As far as reporting bugs through a public database, this is a delicate as anyone who has worked on project with a great number of users can attest: misunderstandings, duplicate bugs, and feature requests may eventually pollute the bug database. Not necessarily a big deal if users search through bugs before entering what they believe is a new bug, but most times users that hit the bug database have reach a high level of frustration, and they want their issue resolved now. Nevertheless, a public bug database is better than nothing at all. And the OVM user community is quite small compared say to a large open source project like gentoo, so I don’t think users will overwhelm the OVM developers with false/duplicate requests/bugs in the bug database.
Nothing stops anyone from opening a public bug database for the OVM and start using it… and same for creating a public repository for the source code as well. It is so simple now with the internet, I would chose savannah simply because it supports git, but any public server with a decent versioning tool would work.
Accepting contributions from the user community
There were two people asking on how they plan to accept contributions from the community. Their answer was that both Mentor and Cadence have people participating in the forums, and contributions made through the forums would be considered for inclusion in the OVM. The EDA representatives pointed out that contributions cannot be accepted as-is since they run tests on OVM before releasing it to insure its quality. I guess they could open source the OVM test suite as well. They could also use Linus’ philosophy: only grant write access to the source code database to trusted users with a proven track record of useful contributions or bug fixes.
ASIC register modeling
There were also talks about open sourcing the asic register modeling library, but no commitments were made. (I might have gotten the name wrong here since I am not a user of such library.)
There were questions about support for the OVM: the EDA user community is accustomed to email support with EDA vendors. But the EDA guys really seemed hesitant to commit to email support for helping users with the OVM… I mean they are giving out the OVM source code under and open source license, and people expect free support? I think the EDA vendors do not have to provide free support for the OVM. I have paid for support of open source tools in the past and it’s the normal way of compensating someone for their time. Companies use linux and they still pay their IT staff to support the “free” OS!

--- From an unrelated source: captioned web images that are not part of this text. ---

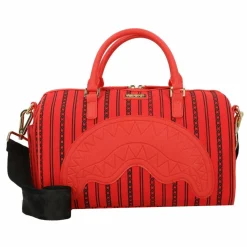 Sprayground Reverse Sip 2.0 Handtasche 32 cm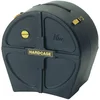 Image de Hardcase FloorTom case HN14FT, 14" - Tom koffer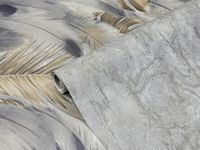 Товар: Обои Prisma La Storia 2 арт-MS11504 - фото 2 Обои Prisma La Storia 2 арт-MS11504 — фото 2, Обои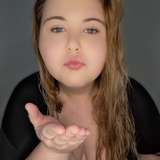 thelexianderson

One of my favorite way to obtain support is through public IRC channels. I get support for gentoo and Tango in their respective IRC channels. Of course, one cannot go to an IRC channel, get help, and never give back, because it is simply not fair: you are expected to give when you want to be part of a community, it’s not just about taking for yourself. Nevertheless, this maybe a good way for EDA vendors to provide support for the OVM: users helping users on an IRC channel on freenode, with OVM developers on the channel from time to time. After a while, users might be able to support themselves.
All right, that’s what I have to say about the OVM. I congratulate Mentor and Cadence on releasing the OVM under an open source license, a first for an EDA company!